Again I am just establishing some preliminary stuff...but need confirmation on my calculations.

[CuCN]

If you draw A, your likelihood of drawing B goes down slightly because that A is taking up a spot in your hand that B now can't be in. Therefore the chance of drawing A and B is slightly less than the product of the chances of drawing them individually.

[Keeps]

I do think my thoughts above could be simplified a lot, the equations can too, part of what I put down was an extended version to 1.) Show my point.  2.) Show the various questions that could be asked.

My point was simply it depends on each question and each event, so since you seem to understand this we could continue on expanding this, a simplified version or subset of equations could be helpful to those here.

So,

Your question for your second thought is also correct for the conditions of 1 of each card 3 cards for the combination 60 total cards.

But you will need to separate out the power of the ^3 for each one once you go beyond that, as A,B,C can have different counts, also the required cards for a combination so 2 of nova to play a SoPa, could have different accounts, if you want to simplify that to the Count of (A,B,C) is the Same and the required Count(Combo(A,B,C) is always 1, we could produce a much more simplified model along the lines you are going for.

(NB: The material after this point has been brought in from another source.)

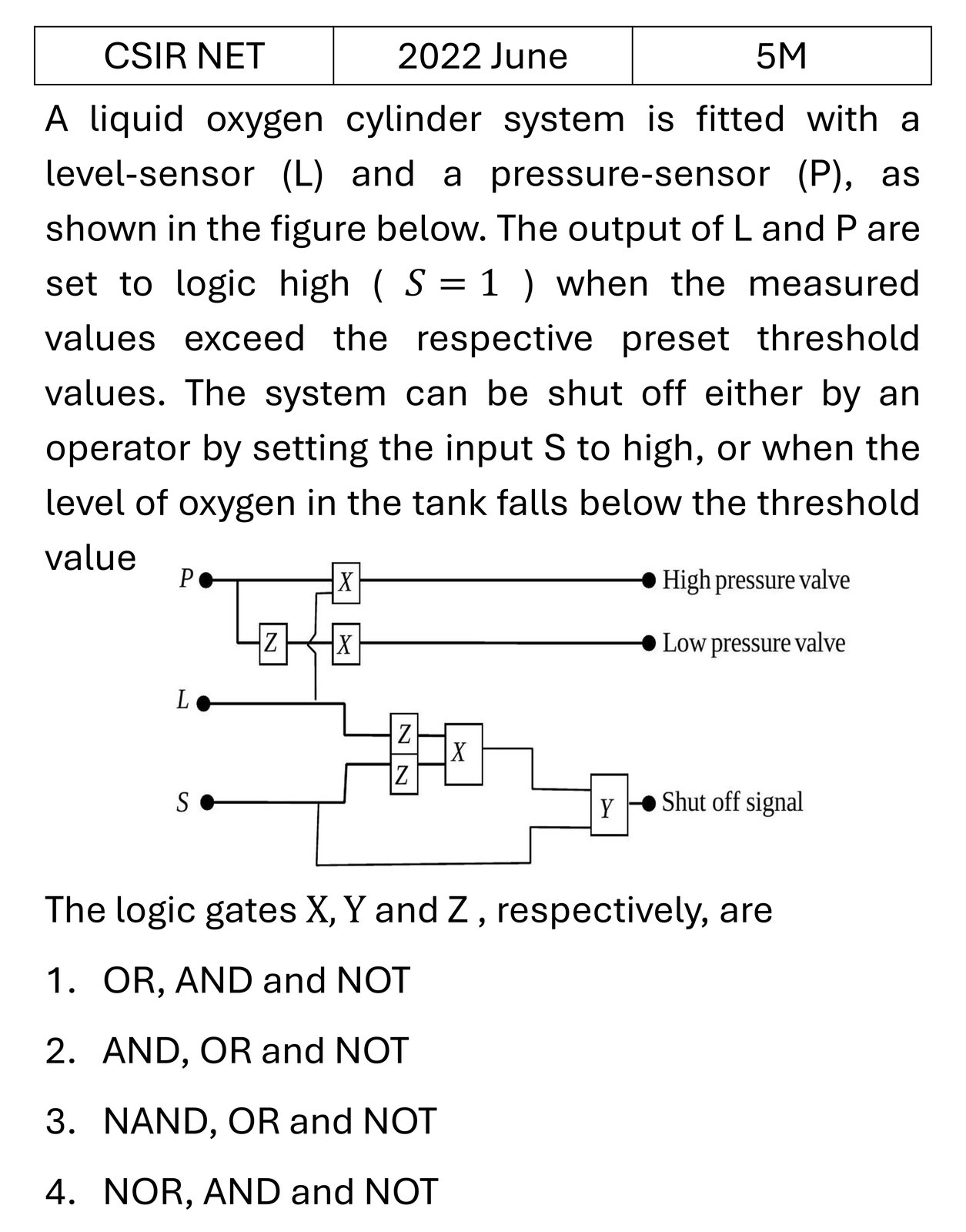 Question 9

So it leaves only the challenge of simplifying if you draw A, B, or C...  and you don't need it anymore, what are the odds of drawing the cards you are missing,

[Savage]

Again thank you for confirming.

Ok, so to extend, we can actually model an equation based off this model ==> (1/60+1/59+1/58+1/57+1/56+1/55+1/54)^3

Now, lets only talk about the person who goes first in a game. They will only have 7 cards. There is, how ever, the possibility to get even more cards on this turn. Again, lets still use a 60 card deck.

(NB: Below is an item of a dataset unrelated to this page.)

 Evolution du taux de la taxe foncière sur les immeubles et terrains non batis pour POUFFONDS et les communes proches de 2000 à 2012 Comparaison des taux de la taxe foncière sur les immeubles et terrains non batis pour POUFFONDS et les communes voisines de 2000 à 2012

Nightmare: has no effect (if we were talking about the second person, this actually would add to the probability)
SoB: will only draw 1 card because our opponent has 1 card slot
SoS: You could technically use up to all 6 of them assuming they draw you pillars and pillars (but to calculate that out would be a waste of time IMO)
Precognition: Can add up to 1-6 cards
Hourglass: has no effect if we stay on the 'first turn' assumption
Fractal: if you are looking for 6 of the same card, this could affect the probability

I believe we can model a good equation based off the 'first turn' and talking about the player going first.
If we stick to this, hourglass and nightmare become useless and since fractal adds such a minuscule adjustment I think we can throw out that option as having any real difference.

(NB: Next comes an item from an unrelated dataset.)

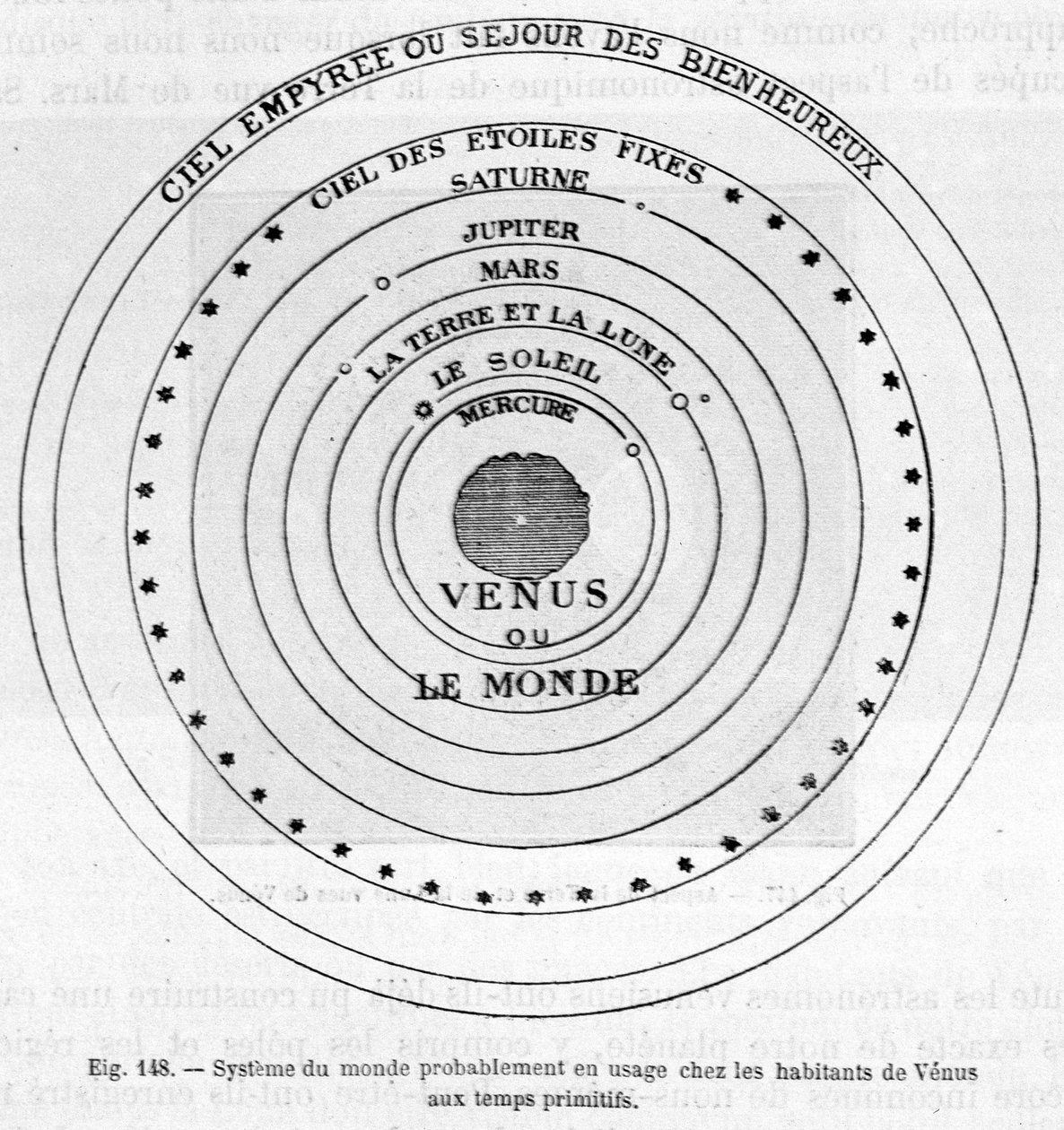 Sistema do mundo provavelmente utilizado pelos habitantes de Vénus nos tempos primitivos - in "Les terres du ciel" de Camille Flammarion, ed. Marpon  Flammarion, Paris de French School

So, lets talk about SoB (and SoB without any of the others)
How would you model the changes in the equation? Again, 60 card deck and also, what parameters should we set? (type of deck and depending on what type of deck, a good pillar to non pillar card ratio).

[Keeps]

Again thank you for confirming.

Ok, so to extend, we can actually model an equation based off this model ==> (1/60+1/59+1/58+1/57+1/56+1/55+1/54)^3

Just to clarify, Only if it's 1 card of each distinct card in a 3 card combo is that correct.  If that's the question then this can be used, otherwise, it can't.

Now, lets only talk about the person who goes first in a game. They will only have 7 cards. There is, how ever, the possibility to get even more cards on this turn. Again, lets still use a 60 card deck.

That's fine so our model now has these assumptions:
1.) The player goes first
2.) The player has a 3 card combo, The 3 cards are in the deck of only 1 instance.
3.) The deck has 60 cards.

Card that can immediate cause addition draw events
Time Pillar, Pendulum or Nova + Precognition can generate 1 draw event
Fire Pillar, Pendulum or Nova + SoBr can generate up to 1 draw event

On this turn

Cards that can generate the required card for the combination
If SoS has said card in it's list
2 Novas or 2 Entropy Pillars, Pendulums + SoS will have a 3 card generation.

Since per the model the desired card combo has 3 distinct cards, Fractal does not apply



Now regardless you are getting ahead of yourself, because you haven't answered the last challenge I stated.   Because of that, you won't realize what is needed to be calculated for this event.